Statistique - Probabilités - Optimisation et Contrôle

Robust shape inference from a sparse approximation of the Gaussian trimmed loglikelihood.

par Mme Claire Brécheteau

Europe/Paris
318 (IMB)

318

IMB

Description

Given a noisy sample of points lying around some shape M, with possibly outliers or clutter noise, we focus on the question of recovering M, or at least geometric and topological information about M. Often, such inference is based on the sublevel sets of distance-like functions such as the function distance to M, the distance-to-measure (DTM) [2] or the k-witnessed distance [4]. In this talk, we firstly widespread the concept of trimmed log-likelihood to probability distributions. This trimmed log-likelihood can be considered as a generalisation of the DTM.
A sparse approximation of the DTM, the m-power distance-to-measure (m-PDTM), has been introduced and studied by Brécheteau and Levrard in 2017 [1]. Its sublevel sets are unions of m balls, with m possibly much smaller than the sample size.
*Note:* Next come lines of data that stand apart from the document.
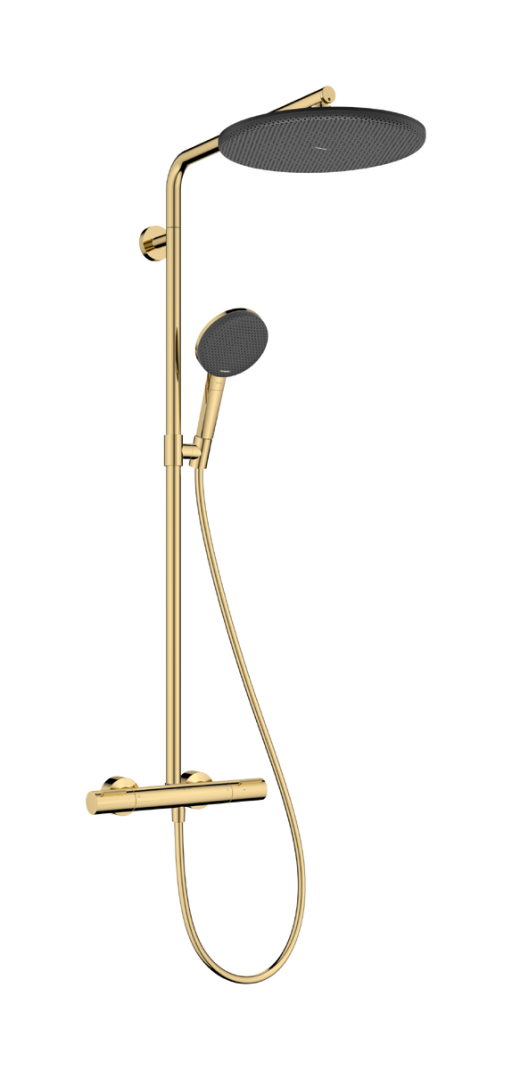Coloana de dus Hansgrohe Raindance Alive S Puro 300 1jet EcoSmart cu baterie termostatata Ecostat  gold optic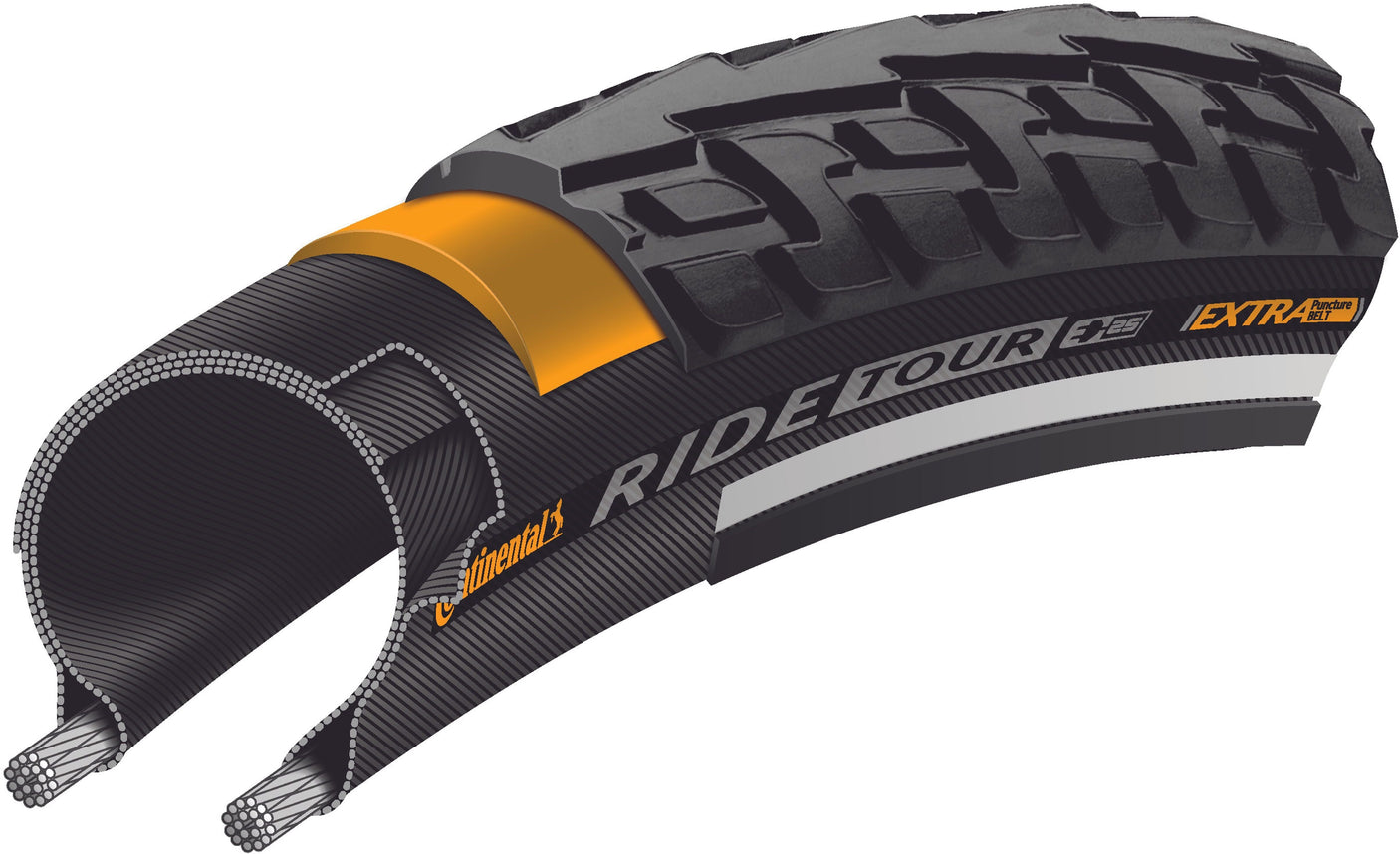 Continental Ride Tour draadband 26x1.75" zwart/bruin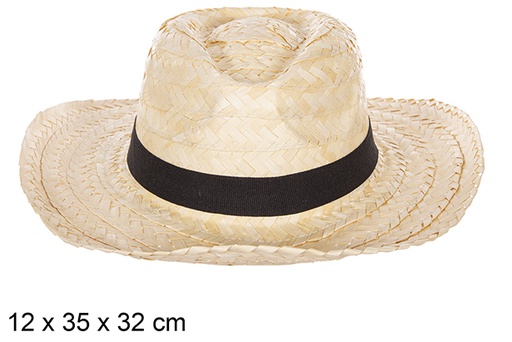 [112314] Basic white straw hat with black ribbon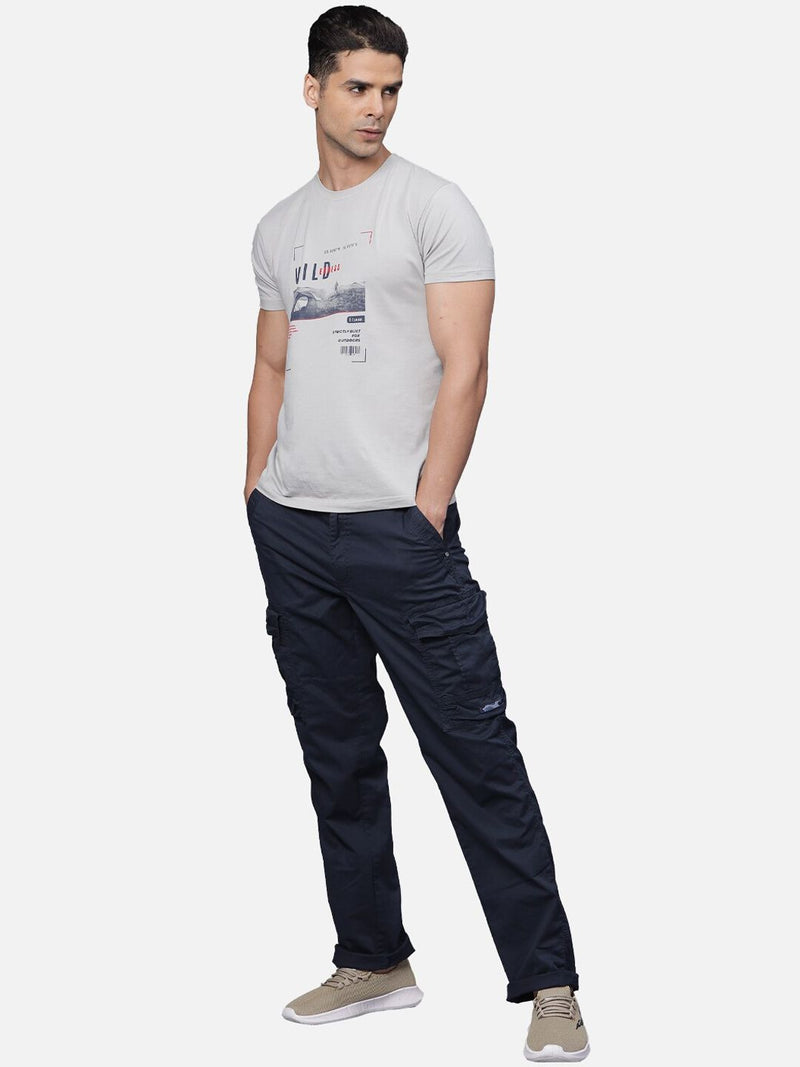 T-Base Men Navy Blue Cargos Trousers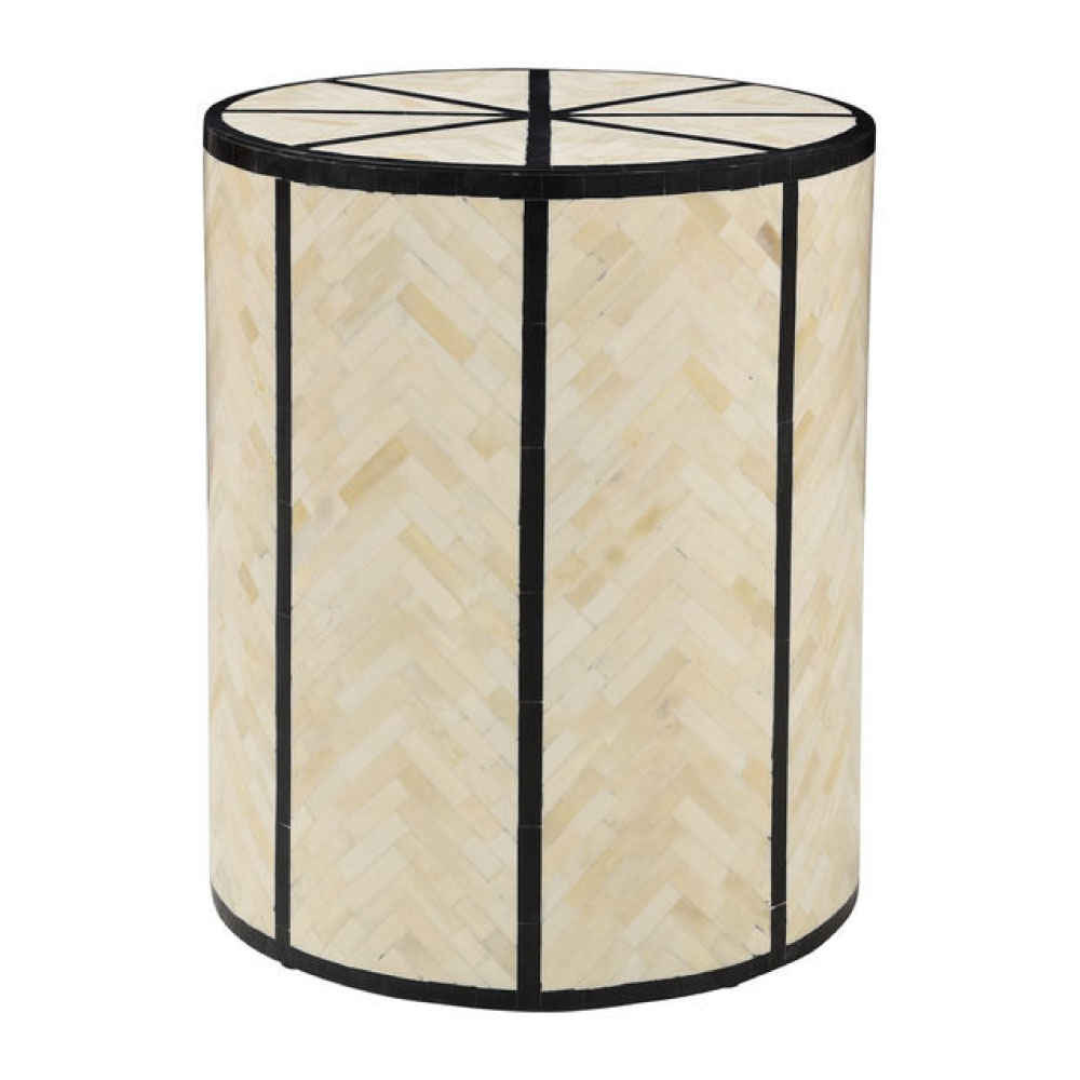 Natural Bone Inlay Round End Table Black Stripe Panel Design Handmade Modern Accent Side Table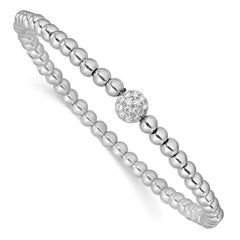 Sterling Silver Rhodium-plated Polished Beaded CZ Stretch Bracelet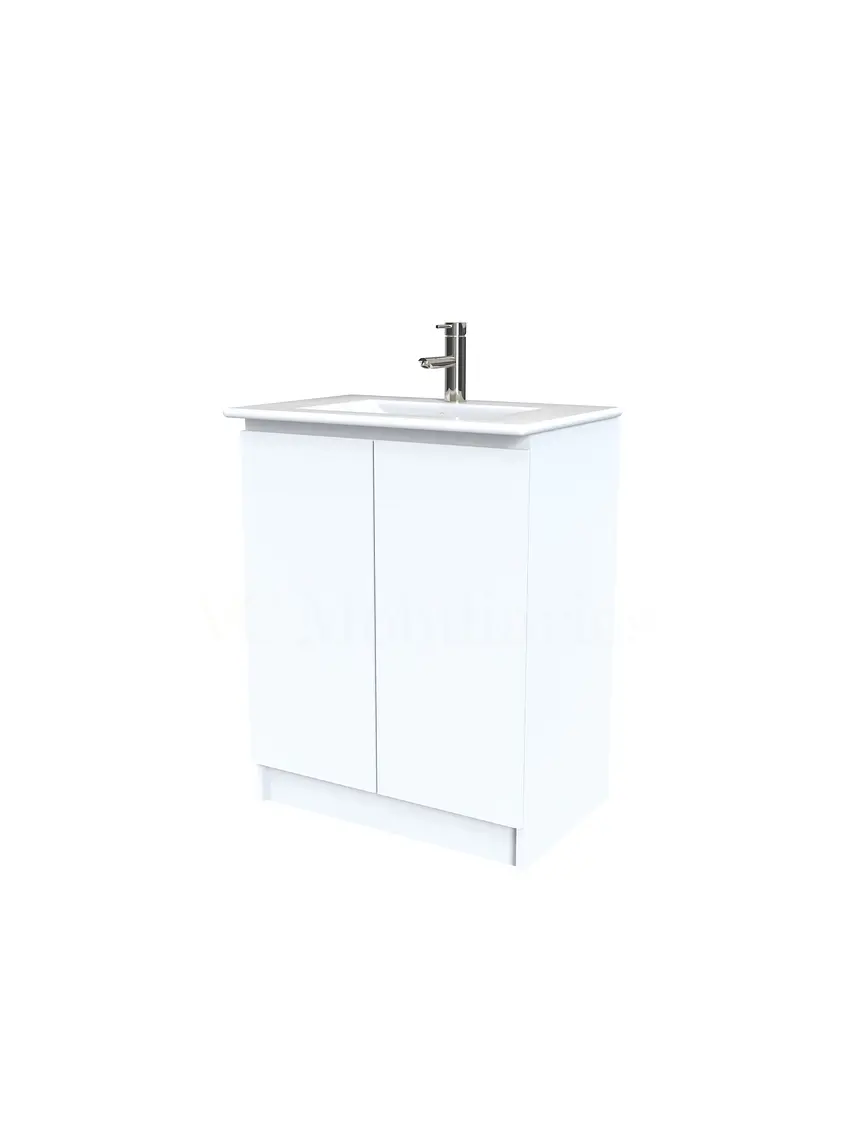 Mueble vanitorio al piso  de 50  cm con cubierta de loza M0-501  / Blanco 1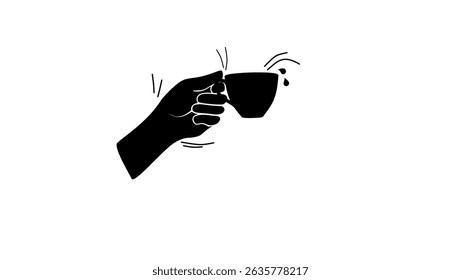 hand tremor, black isolated silhouette
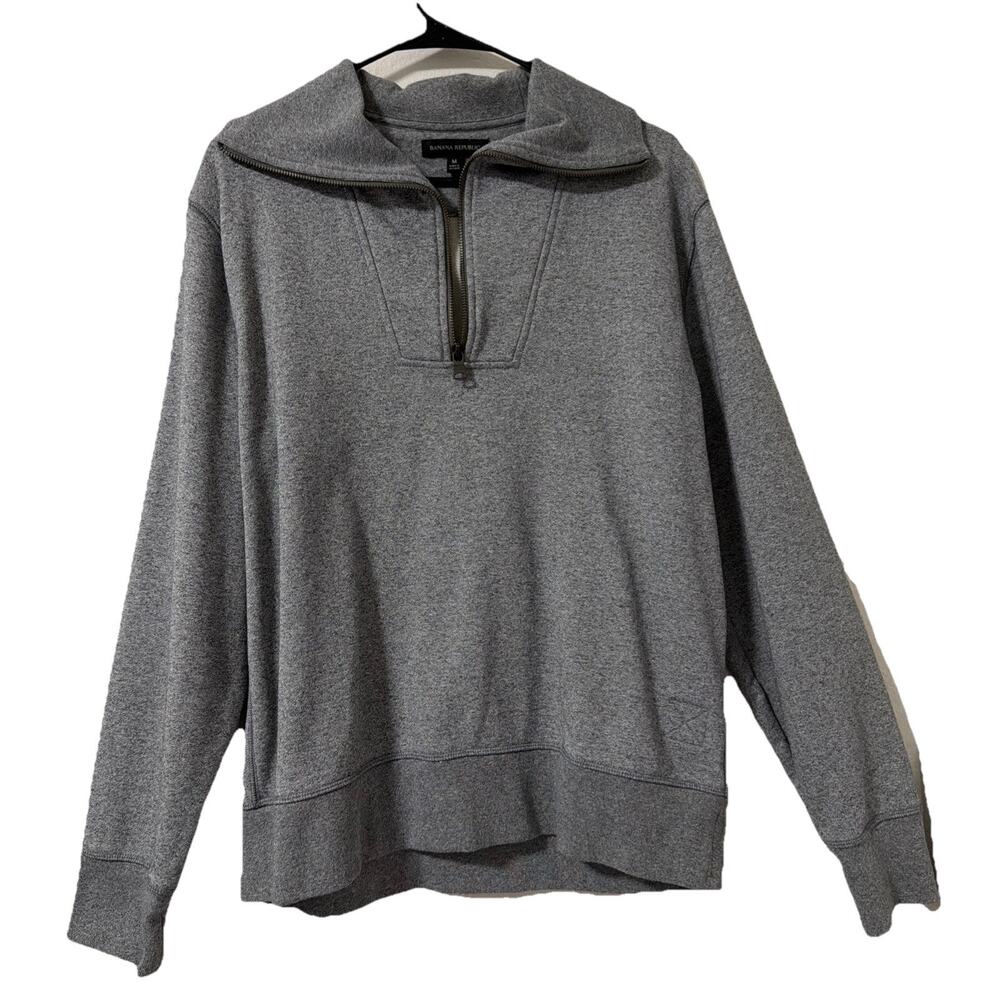 Banana Republic Men’s Quarter Zip Medium Gray Sweater 85% Cotton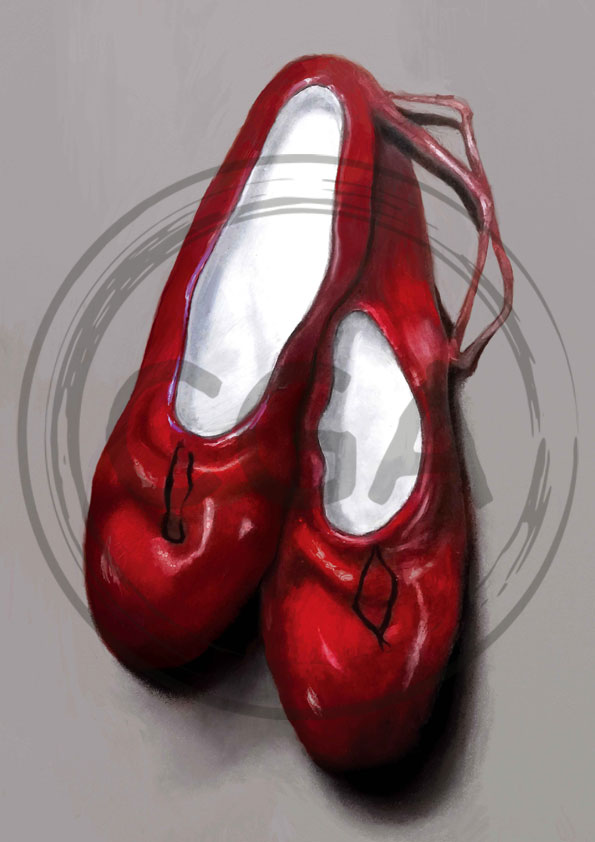 'The Red Shoes' - Elegant & Classic Red Ballet Dancing Shoes Art Print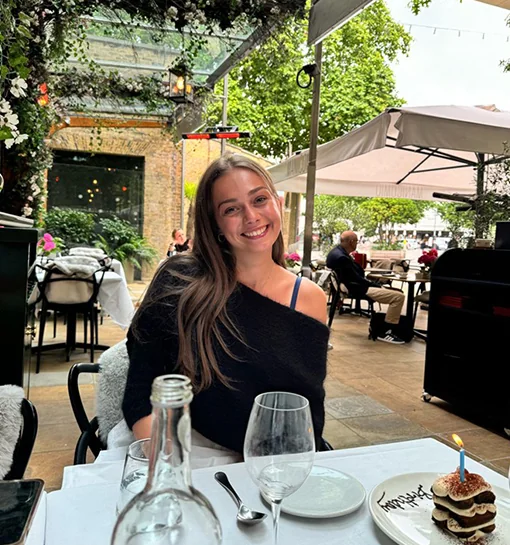 Norland student out for lunch smiling to camera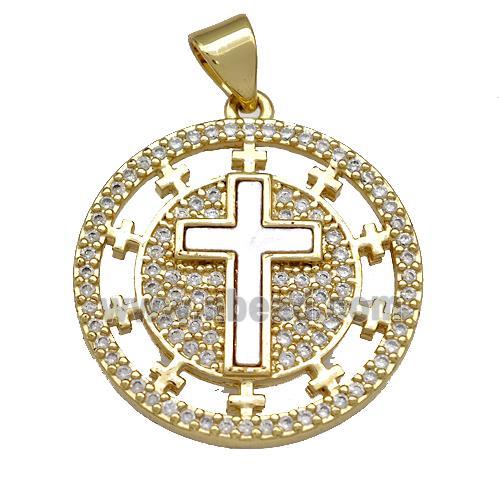 Copper Circle Pendant Pave Shell Zircon Cross 18K Gold Plated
By miming the construction of the m-PDTM from the DTM, we propose an approximation of the trimmed log-likelihood associated to the family of Gaussian distributions on Rd. This approximation is sparse is the sense that its sublevel sets are unions of m ellipsoids.
We provide a Lloyd-type algorithm to compute the centers and covariance matrices associated to the ellipsoids. We improve our algorithm by allowing an additional noise parameter to wipe out some points, just as the trimmed m-means algorithm of Cuesta-Albertos et al. [3]. Our algorithm comes together with a heuristic to select this parameter. Some illustrations on different examples enhance that our algorithm is efficient in wiping out clutter noise, recovering the shape and recovering the homology of M; this requiring a storage of only m points and covariance matrices.

[1] Brécheteau, Claire and Levrard, Clément, The k-PDTM : a coreset for robust geometric inference, preprint, 2017.
[2] Frédéric Chazal, David Cohen-Steiner and Quentin Mérigot, Geometric Inference for Probability Measures, Foundations of Computational Mathematics, 2011.
[3] Cuesta-Albertos, Juan. A. and Gordaliza, Alfonso and Matran, Carlos, Trimmed k-means: an attempt to robustify quantizers, The Annals of Statistics, 1997.
[4] Guibas, Leonidas J. and Mérigot, Quentin and Morozov, Dmitriy, Witnessed K-distance, SoCG '11, 2011.